> _What is needed_:
Given the material below, return only the lines starting at the line with "TEXTURED RIPSTOP TROUSERS - Image 4" and ending at the line with "Majestic Beauty –", exactly as they appear.

> _Records for this task_:
§ §

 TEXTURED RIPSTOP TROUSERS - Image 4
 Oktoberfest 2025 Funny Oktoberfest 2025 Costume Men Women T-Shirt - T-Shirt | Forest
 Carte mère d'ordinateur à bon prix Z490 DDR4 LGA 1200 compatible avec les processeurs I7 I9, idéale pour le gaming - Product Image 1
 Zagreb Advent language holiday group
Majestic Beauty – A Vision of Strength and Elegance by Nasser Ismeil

§ §

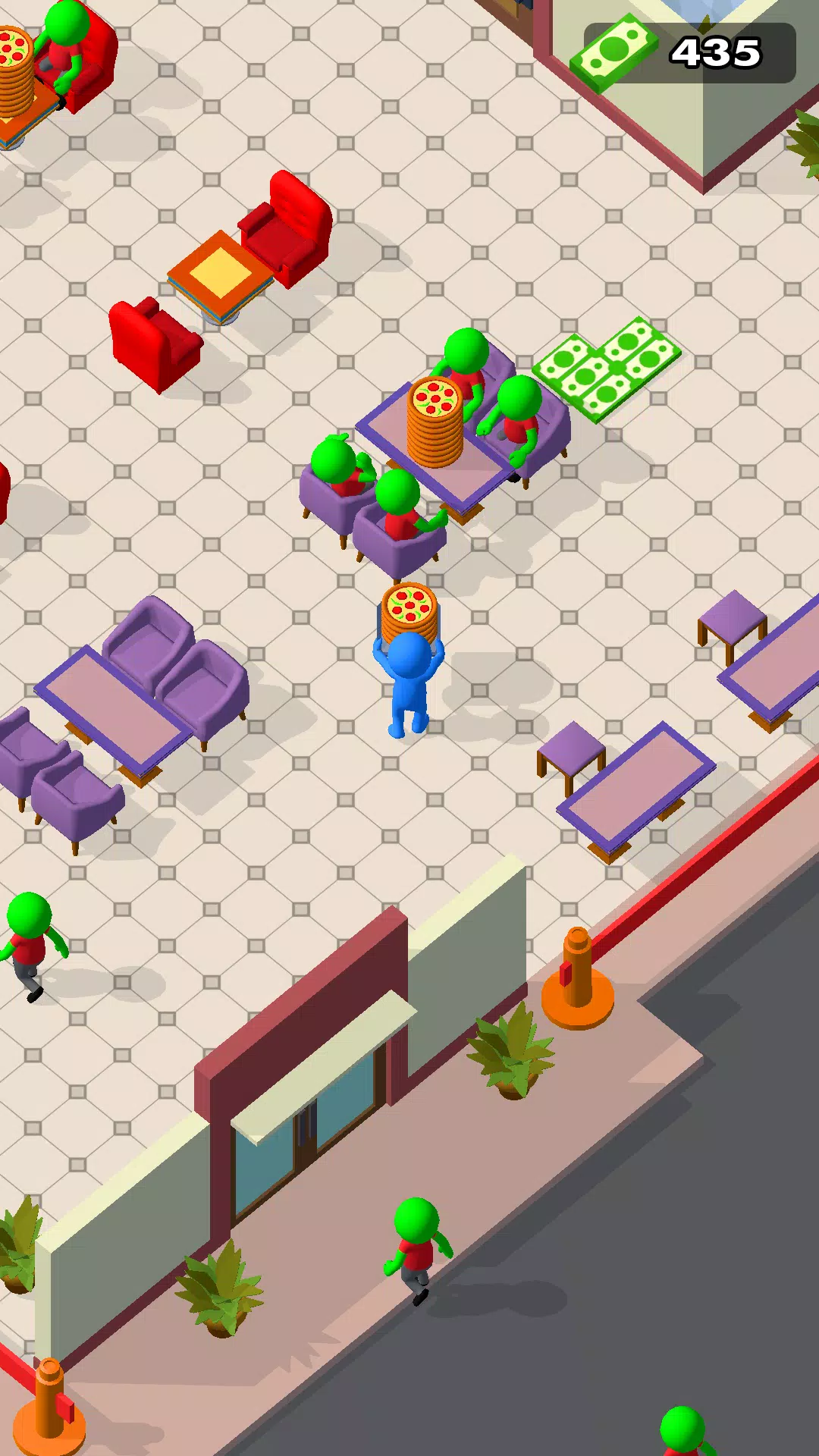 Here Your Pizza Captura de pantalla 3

§ §

> _Result of this exercise_:
 TEXTURED RIPSTOP TROUSERS - Image 4
 Oktoberfest 2025 Funny Oktoberfest 2025 Costume Men Women T-Shirt - T-Shirt | Forest
 Carte mère d'ordinateur à bon prix Z490 DDR4 LGA 1200 compatible avec les processeurs I7 I9, idéale pour le gaming - Product Image 1
 Zagreb Advent language holiday group
Majestic Beauty – A Vision of Strength and Elegance by Nasser Ismeil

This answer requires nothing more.